Adam Kelly is a living example of how it’s possible to transform even the darkest of lives. And he uses that inspiring story to help youngsters follow a different path than he originally took.
He is voicing an urgent message in the midst of an international drug crisis. In the United States, the U.S. Drug Enforcement Agency just released its annual report, revealing “Drug overdose deaths have become the leading cause of injury death in the United States, surpassing the number of deaths by motor vehicles and firearms. Overdose deaths, particularly from prescription drugs and heroin, have reached epidemic levels.”
“Sometimes all it takes is just one person to say,
‘Hey, you can change your life around.’”
Kelly, 30, is famous throughout England as runner-up in the UK’s Big Brother 13 reality television series three years ago. But long before that, the UK native, who grew up in South Central Los Angeles, was very nearly a casualty of gang life—a member of the notorious Crips gang.
Now an ambassador for the Foundation for a Drug-Free UK, Kelly spends much of his time giving drug education lectures to kids and teens—and he doesn’t need to look far to supply a living, breathing example of the bleakness and horror that drugs can lead to.

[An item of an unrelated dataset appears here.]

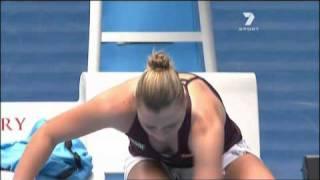 Zvonareva 2011 aus open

“I got into drugs when I was 9,” Kelly recalls, adding that his drugs, alcohol and gang life led to his doing jail time and “hitting rock bottom” at 18. “I just didn’t want to live my life like that anymore,” he recalls.
Using his personal tale of getting clean to make a connection, Kelly believes it helps drive home his anti-drug message because “they can relate to it a bit more. Sometimes all it takes is just one person to say, ‘Hey, you can change your life around.’”
It was shortly after completing Big Brother in 2013 that Kelly discovered The Truth About Drugs initiative when he found one of the booklets on the counter of a convenience store. He now uses that educational program’s booklets and videos as the centerpiece of his presentations, seeing with his own eyes just how significantly the program makes a difference.
“Helping youth is my passion,” says Kelly.
A key to the program’s effectiveness, Kelly finds, is just how easy it is for young people to use it—they can even conduct lectures themselves. “We did a two-day workshop at a church so they could deliver it to their peers,” he says. “They picked it up quite fast. The Educators Kit makes it really simple for anybody to use.”
That simplicity ultimately leads to understanding. He has had youngsters approach him and share their stories, like, “My friends offered me drugs before and now I have the information and the courage to say no.”
It also helps youth tackle drug abuse in the people they care about. “A kid came up and asked me for an alcohol booklet so he could give it to his dad,” Kelly recalls. “He gathered enough from that one talk that he knew he could help his father.”
“I think more police officers, schools and
community centers need to use the Truth About Drugs.”
Kelly’s lectures open eyes and minds in ways that not only impact those currently suffering from abuse, but also help young people gain a clear appreciation of the consequences and decide never to pick up drugs or alcohol in the first place.
“Sometimes they don’t like opening up and sharing in front of their peers,” says Kelly, “but in the feedback forms that I get, the program always reinforces their belief in how drugs can affect them.”
The effectiveness of the program has led Kelly to state, “I think more police officers, schools and community centers need to use the Truth About Drugs. I think that would make a big enough noise to say that we are here to stay and that things can change.”
Indeed, Adam Kelly has already made the beginning of that change a reality.